→ MATERIAL TO PROCESS:
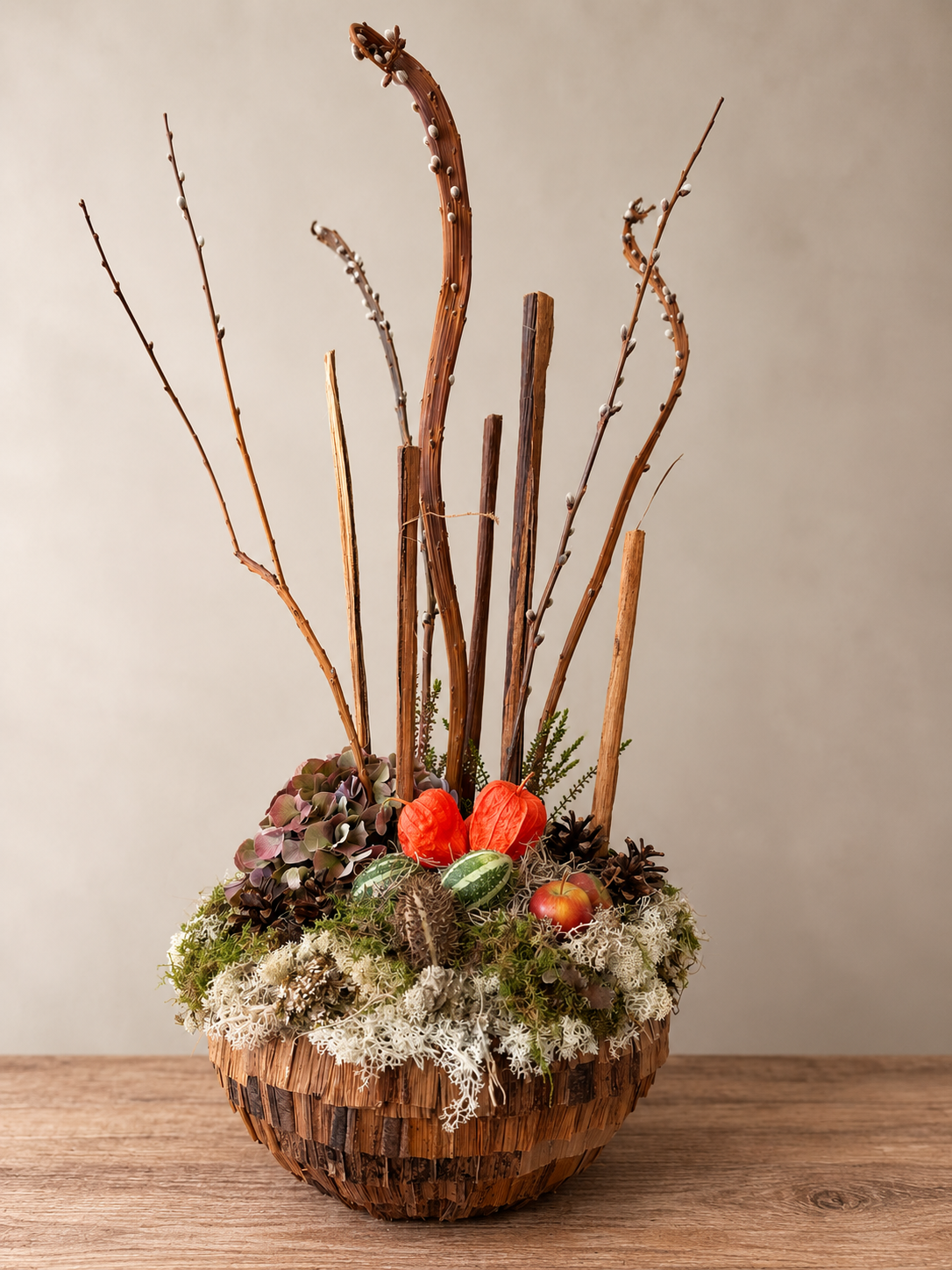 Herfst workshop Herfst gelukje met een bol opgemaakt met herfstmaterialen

...

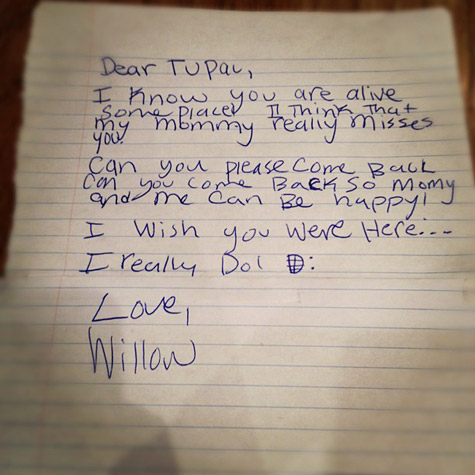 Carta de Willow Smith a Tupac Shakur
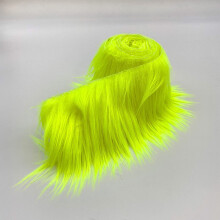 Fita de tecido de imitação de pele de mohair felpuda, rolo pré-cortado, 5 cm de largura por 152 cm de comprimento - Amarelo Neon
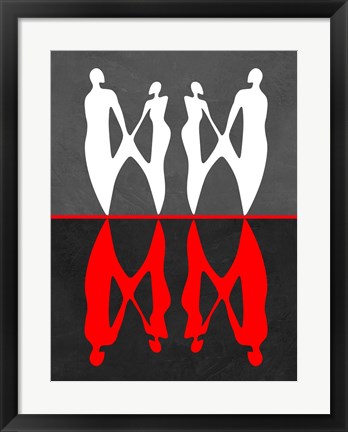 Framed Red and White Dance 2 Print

→ REQUIREMENT:
The expected output is the lines above from the one containing "Carta de Willow Smith a Tupac Shakur" to the one containing "Framed Red and White Dance 2 Print", both ends included, reproduced exactly with every picture left out.

→ OUTPUT:
 Carta de Willow Smith a Tupac Shakur
 Fita de tecido de imitação de pele de mohair felpuda, rolo pré-cortado, 5 cm de largura por 152 cm de comprimento - Amarelo Neon
 Framed Red and White Dance 2 Print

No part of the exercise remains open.